Hier möchten die Jugendverbände ansetzen und fordern von der Politik Unterstützung. Ideen gibt es viele und diese reichen von einer stärkeren Wertschätzung durch die Gesellschaft bis hin zur Freistellung für ehrenamtliches Engagement in der Schule, von der Ausbildung/vom Studium oder im Beruf. Eine sehr konkrete Idee erläutert Juliane Jesse: „Wir könnten uns zum Beispiel gut vorstellen, dass junge Menschen, die im Zusammenhang mit ihrem Engagement unterwegs sind, Busse und Bahnen kostenlos nutzen können.“ Dass dies keine ferne Utopie ist, zeigt ein Blick in andere Verkehrsverbünde. Hier sind juleica-Inhaberinnen beispielsweise berechtigt ab 14:00 Uhr auf Antrag kostenlos Busse nutzen, sofern sie für ihr Ehrenamt unterwegs sind. In Sachsen-Anhalt könnte sich eine solche Regelung ebenfalls sehr positiv auf das ehrenamtliche Jugendengagement auswirken.
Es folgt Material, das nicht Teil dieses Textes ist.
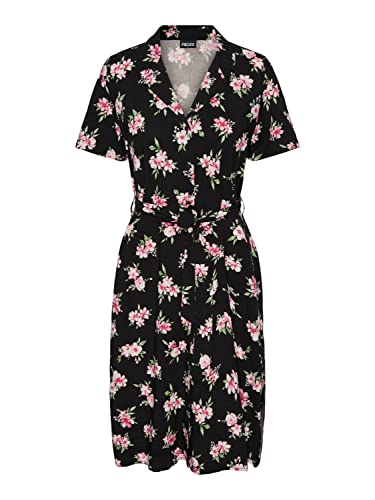 PIECES Damen Pcolivia Dress Noos Bc Kleid, Black/AOP:Flower, S EU von PIECES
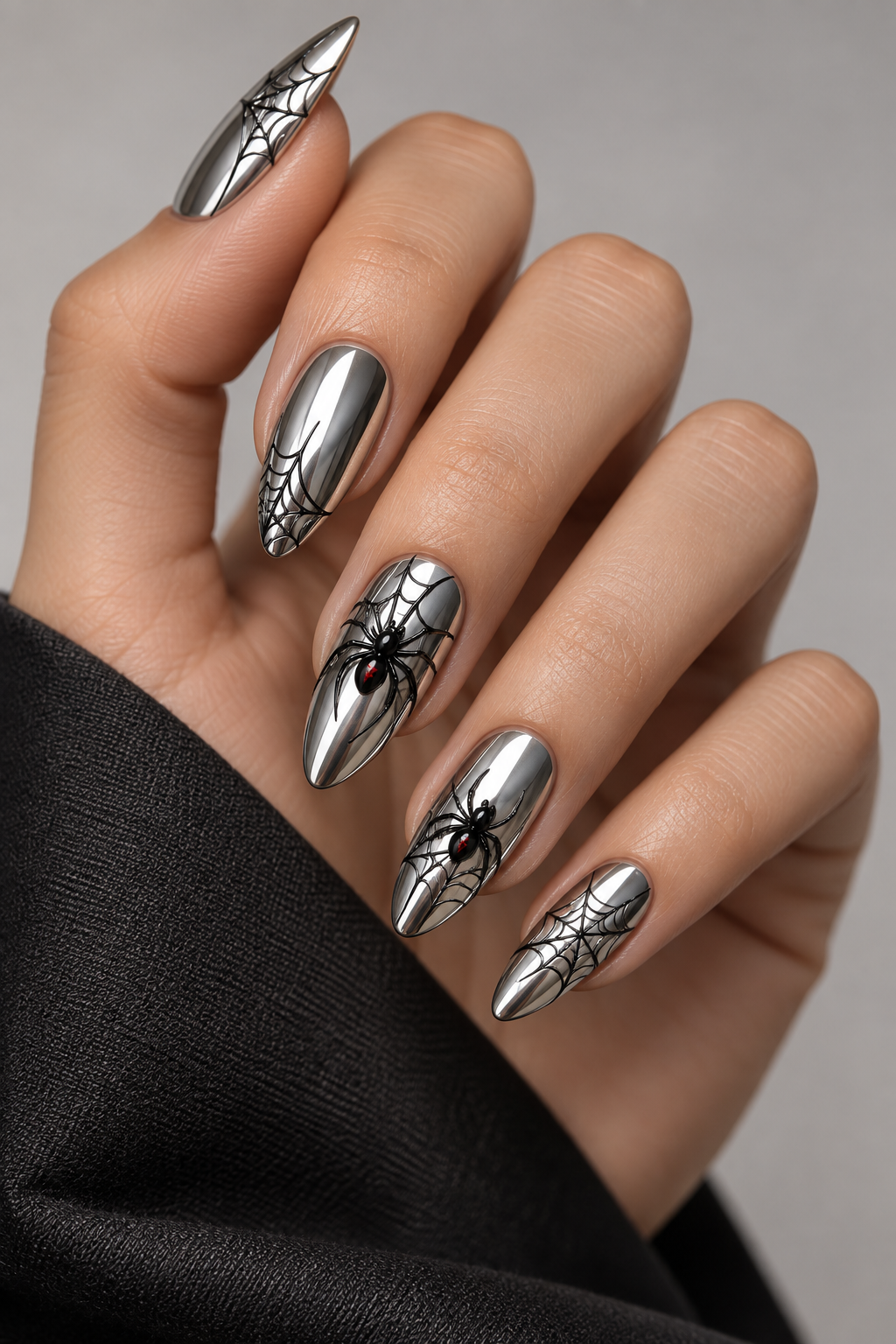 halloween nails with spiders: matte charcoal with glossy webs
Im Anschluss an die Diskussion baten die Vertreterinnen der Jugendverbände die Jugendpolitischen Sprecherinnen um ihr Statement zum Thema Engagement in Jugendverbänden. (siehe Fotos)

Eduard Jantos (Jugendpolitischer Sprecher der CDU-Fraktion):
„Ich stehe für die Selbstbestimmung der Jugend!“

Monika Hohmann (Jugendpolitische Sprecherin der Fraktion DIE LINKE):
„Ehrenamt gehört stärker in den Fokus der Öffentlichkeit. Ehrenamt ist nicht selbstverständlich. Daher muss Freiraum geschaffen werden, damit alle davon partizipieren können.“

Norbert Born (Jugendpolitischer Sprecher der SPD-Fraktion):
„Das Ehrenamt ist die wichtigste Basis in der Jugendarbeit unseres Landes.“

Cornelia Lüddemann (Jugendpolitische Sprecherin der Landtagsfraktion B90/Die Grünen):
„Freiraum: für Kinder und Jugendliche: in Raum + Zeit - in Mitteln + Möglichkeiten - in Struktur + Ausdruck!“

Kinder- und Jugendring Sachsen-Anhalt e.V

Der Kinder- und Jugendring Sachsen-Anhalt e.V. ist der Zusammenschluss von 24 landesweit tätigen Jugendverbänden, 3 Dachverbänden sowie der Arbeitsgemeinschaft der Kinder- und Jugendringe der kreisfreien Städte und Landkreise. Er vertritt die Interessen der Kinder und Jugendlichen sowie seiner Mitglieder gegenüber dem Land Sachsen-Anhalt und der Öffentlichkeit. Der Kinder- und Jugendring Sachsen-Anhalt e.V. ist Träger der Landeszentralstelle juleica.